Source code in lazybridge/store/encryption.py
def items(self, *, prefix: str | None = None) -> list[tuple[str, Any]]:
    """Return ``(key, decrypted-value)`` pairs, optionally restricted to
    keys starting with ``prefix``."""
    return [(k, self._decrypt(v)) for k, v in self._inner.items(prefix=prefix)]

compare_and_swap

compare_and_swap(key: str, expected: Any, new: Any, *, agent_id: str | None = None) -> bool

CAS over the decrypted value.

Fernet ciphertexts embed a nonce, so two encryptions of the same plaintext are never equal. Delegating to the inner Store's CAS would therefore always fail. We decrypt the current ciphertext, compare against expected in plaintext space, then write the new encrypted value — as long as the ciphertext hasn't changed since the read.

This double-check is what makes the adapter race-safe: another writer may have updated the value between our decrypt and the inner CAS attempt, in which case the inner CAS returns False and we propagate that.
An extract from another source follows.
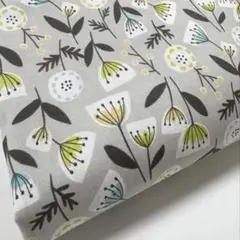 生地　ハギレ　ボタニカル柄　北欧調柄　グレー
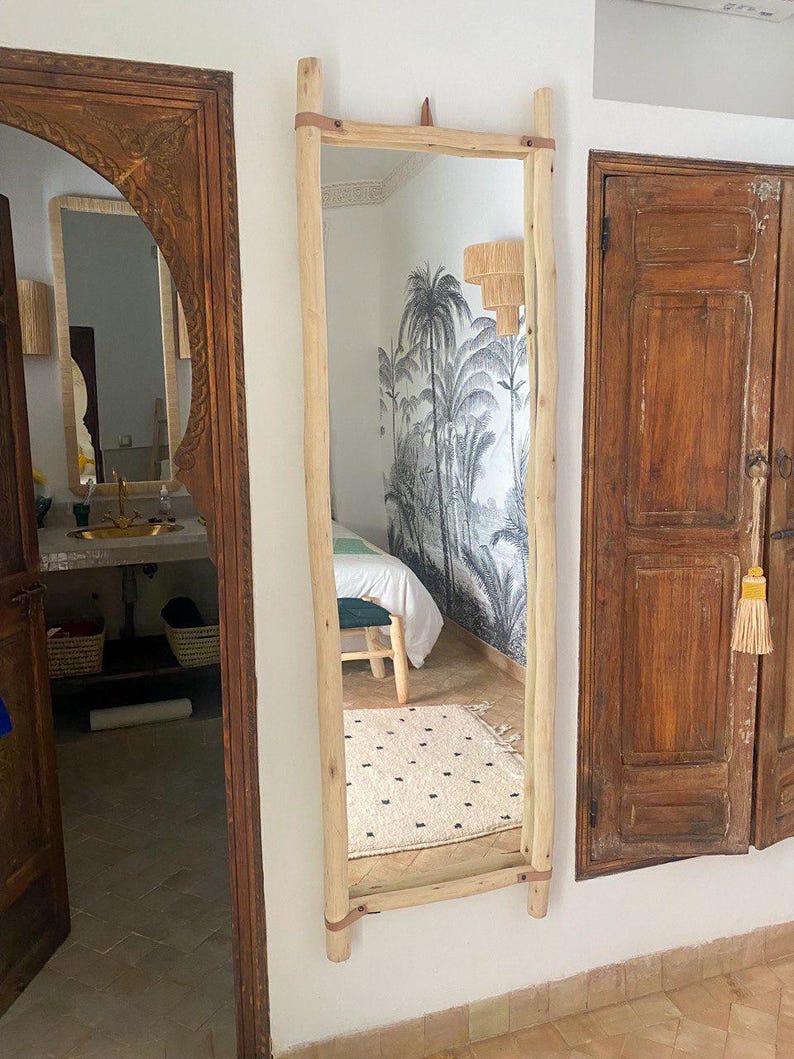 Handcrafted Rustic Ladder Mirror – Natural Wood Frame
Source code in lazybridge/store/encryption.py
def compare_and_swap(
    self,
    key: str,
    expected: Any,
    new: Any,
    *,
    agent_id: str | None = None,
) -> bool:
    """CAS over the decrypted value.

    Fernet ciphertexts embed a nonce, so two encryptions of the
    same plaintext are never equal.  Delegating to the inner
    Store's CAS would therefore always fail.  We decrypt the
    current ciphertext, compare against ``expected`` in plaintext
    space, then write the new encrypted value — *as long as* the
    ciphertext hasn't changed since the read.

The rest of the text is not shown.